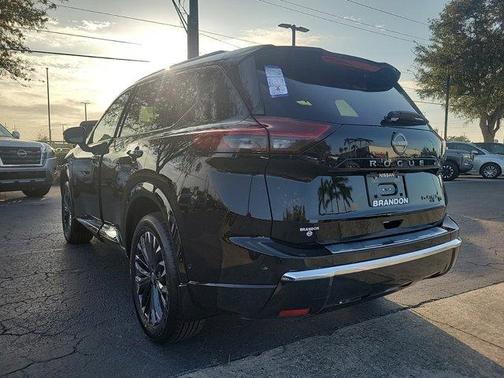 2025 Nissan Rogue Platinum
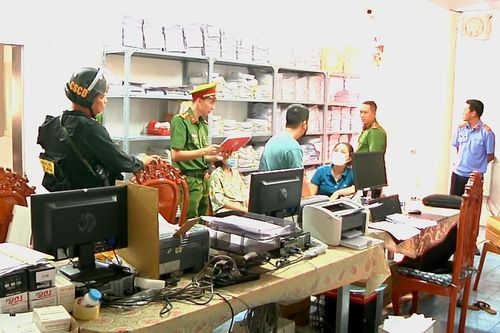Tạm giữ 18 bác sĩ, dược sĩ, nhân viên y tế... để điều tra hành vi trục lợi bảo hiểm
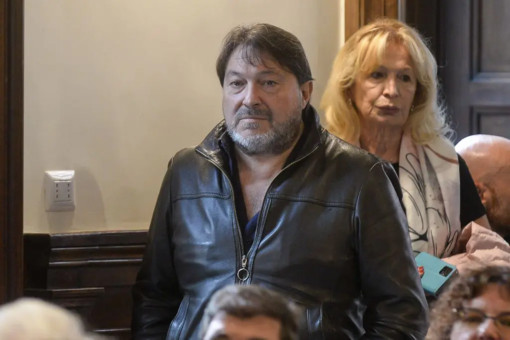 Esplodono auto di Sigfrido Ranucci e della figlia, condanna di Meloni Esplodono auto di Sigfrido Ranucci e della figlia, condanna di Meloni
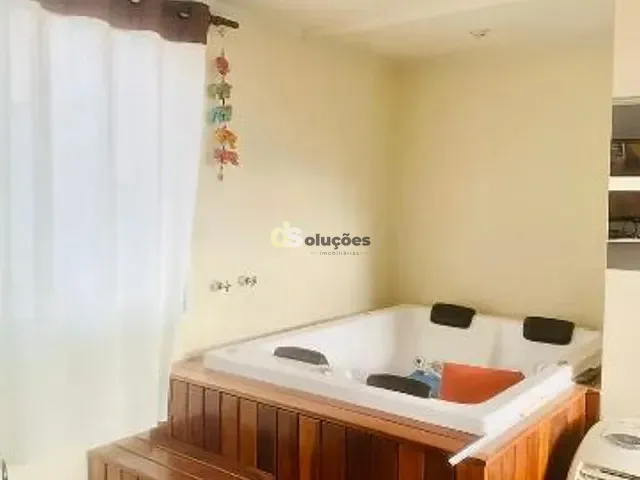 Apartamento com 250m² 3 quartos e 3 banheiros, à venda, no bairro Vila Suzana em São Paulo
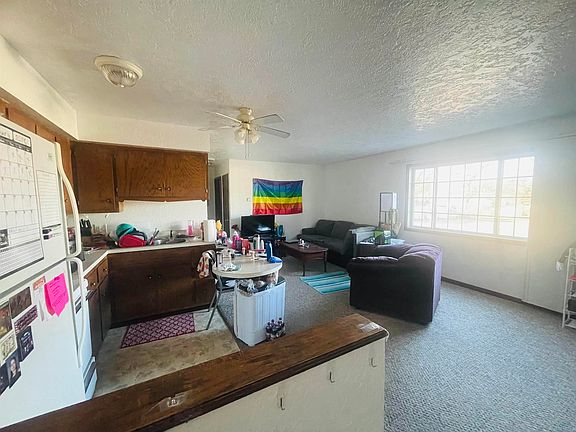 5th image of 305 Main St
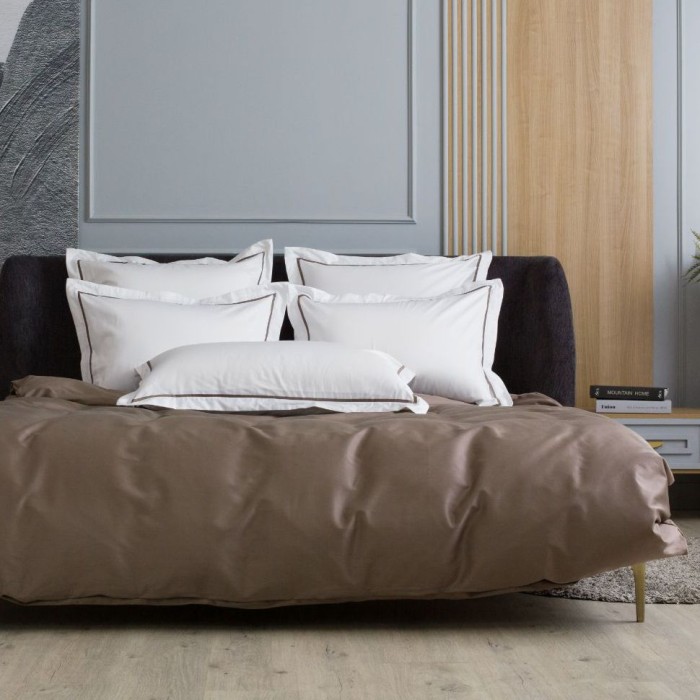 Наволочка  German Grass широкая отделка "Alpine Brownie Allure", 70x70 см, 2 шт, белый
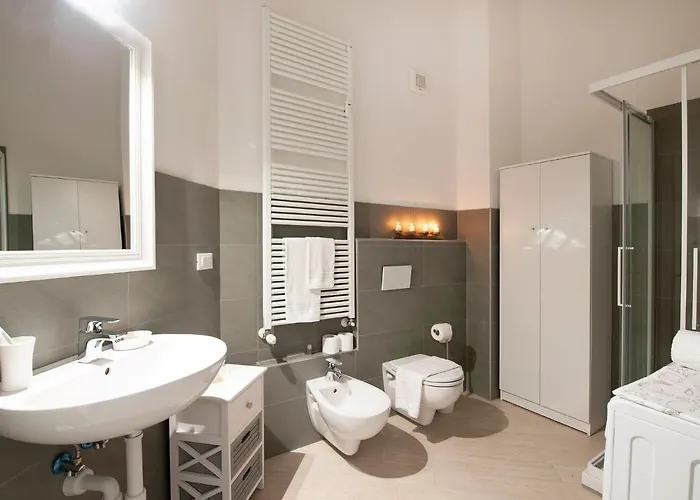 Ur-nest Dolfi Bologna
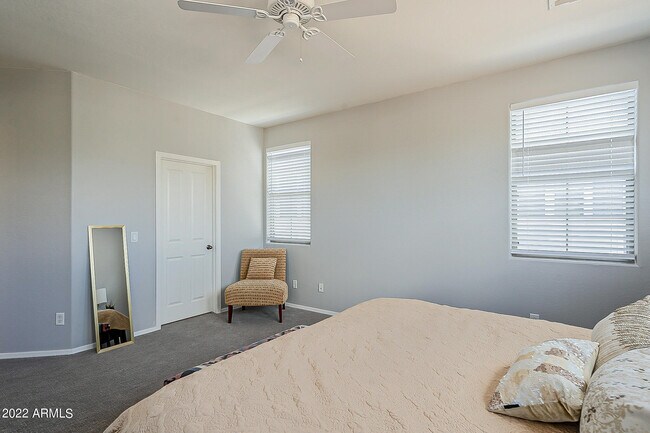 Building Photo - 21124 W Prospector Way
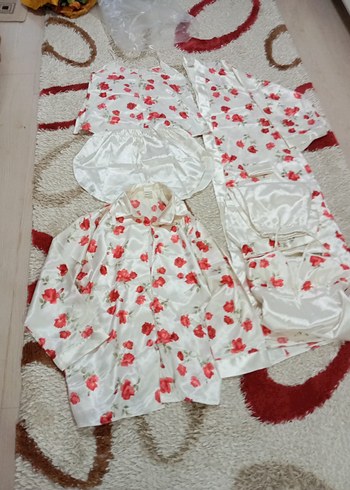 DiANA saten Beyaz sabahlık ve picama takımı bayan - Görsel 6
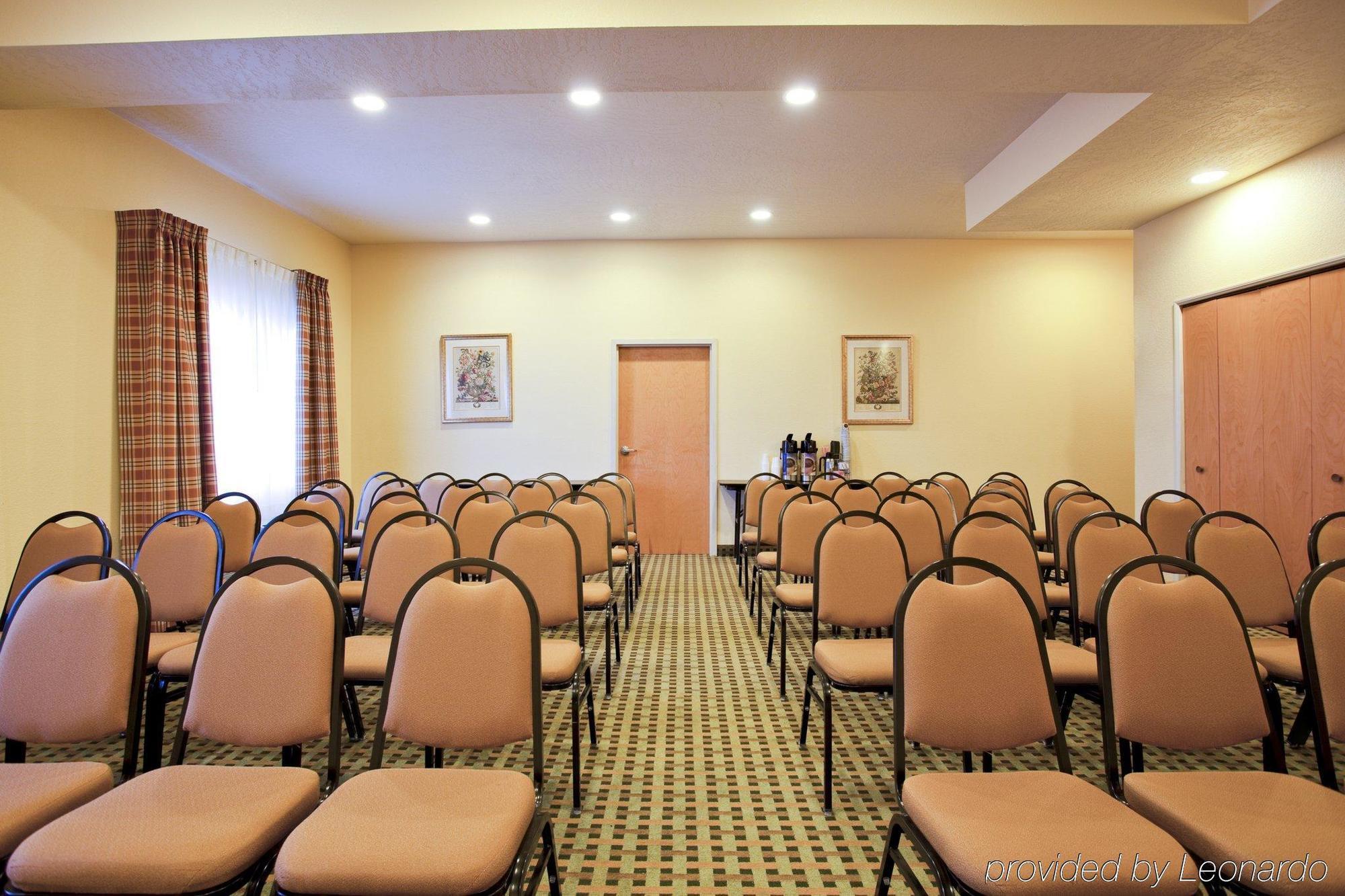 Holiday Inn Express Hotel&Suites Hesperia, an IHG Hotel Exterior foto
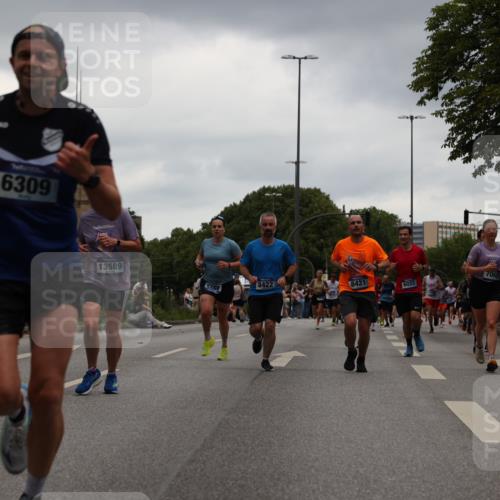 29.06.2025 - hella hamburg halbmarathon Yannick Fuchs http://msf.ph/oto/8379548 29.06.2025 10:54:40 20KM 1364, 1414, 1653, 1681, 2322, 2323, 2363, 6033, 6201, 6309, 6487, 6754, 6757, 7006, 7065, 7636, 8003, 8191, 8421, 8422, 8662, 8923, 9020, 9021, 10534, 10576, 11041, 11366, 11623, 11702, 11753, 11782, 11937, 12491, 13459, 13488, 13589, 14429, 15269, 17491, 17899, 17952, 18029, 18063, 19117, 19146, 19246 meine-sportfotos.de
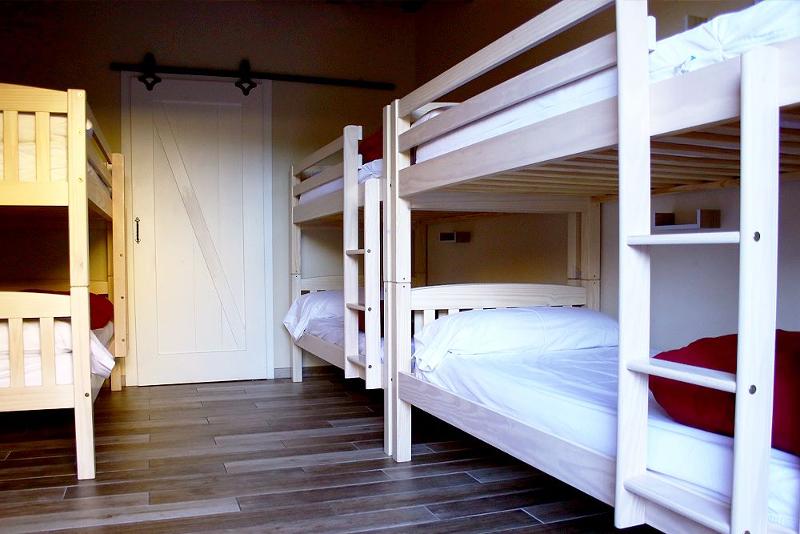 Habitación con literas en un surf camp cantabria 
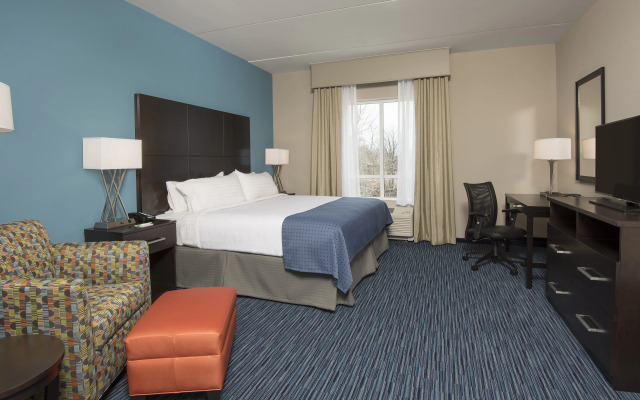 Holiday Inn Indianapolis Airport by IHG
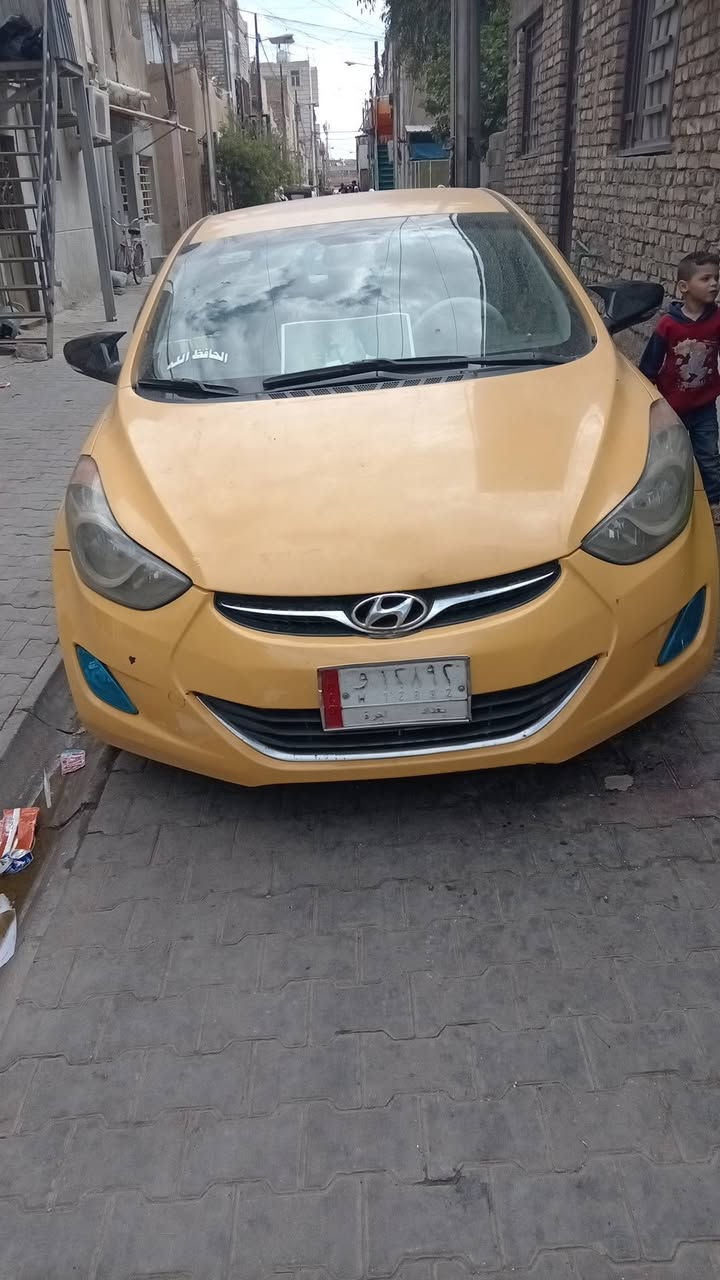 للبيع 2013 مكفولة شواصي ولغود وضربه باب خلفي سايق ليبل واحد وارد امريكي بيها مكينة 2016 سعرها 103 مكاني بغداد ***********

▶ _WORK ITEM_:
In transcribing the material above, reproduce each line exactly and include none of the pictures.

▶ _EXERCISE OUTPUT_:
 2025 Nissan Rogue Platinum
Tạm giữ 18 bác sĩ, dược sĩ, nhân viên y tế... để điều tra hành vi trục lợi bảo hiểm
 Esplodono auto di Sigfrido Ranucci e della figlia, condanna di Meloni Esplodono auto di Sigfrido Ranucci e della figlia, condanna di Meloni
 Apartamento com 250m² 3 quartos e 3 banheiros, à venda, no bairro Vila Suzana em São Paulo
 5th image of 305 Main St
 Наволочка  German Grass широкая отделка "Alpine Brownie Allure", 70x70 см, 2 шт, белый
 Ur-nest Dolfi Bologna
 Building Photo - 21124 W Prospector Way
 DiANA saten Beyaz sabahlık ve picama takımı bayan - Görsel 6
 Holiday Inn Express Hotel&Suites Hesperia, an IHG Hotel Exterior foto
 29.06.2025 - hella hamburg halbmarathon Yannick Fuchs http://msf.ph/oto/8379548 29.06.2025 10:54:40 20KM 1364, 1414, 1653, 1681, 2322, 2323, 2363, 6033, 6201, 6309, 6487, 6754, 6757, 7006, 7065, 7636, 8003, 8191, 8421, 8422, 8662, 8923, 9020, 9021, 10534, 10576, 11041, 11366, 11623, 11702, 11753, 11782, 11937, 12491, 13459, 13488, 13589, 14429, 15269, 17491, 17899, 17952, 18029, 18063, 19117, 19146, 19246 meine-sportfotos.de
 Habitación con literas en un surf camp cantabria 
 Holiday Inn Indianapolis Airport by IHG
 للبيع 2013 مكفولة شواصي ولغود وضربه باب خلفي سايق ليبل واحد وارد امريكي بيها مكينة 2016 سعرها 103 مكاني بغداد ***********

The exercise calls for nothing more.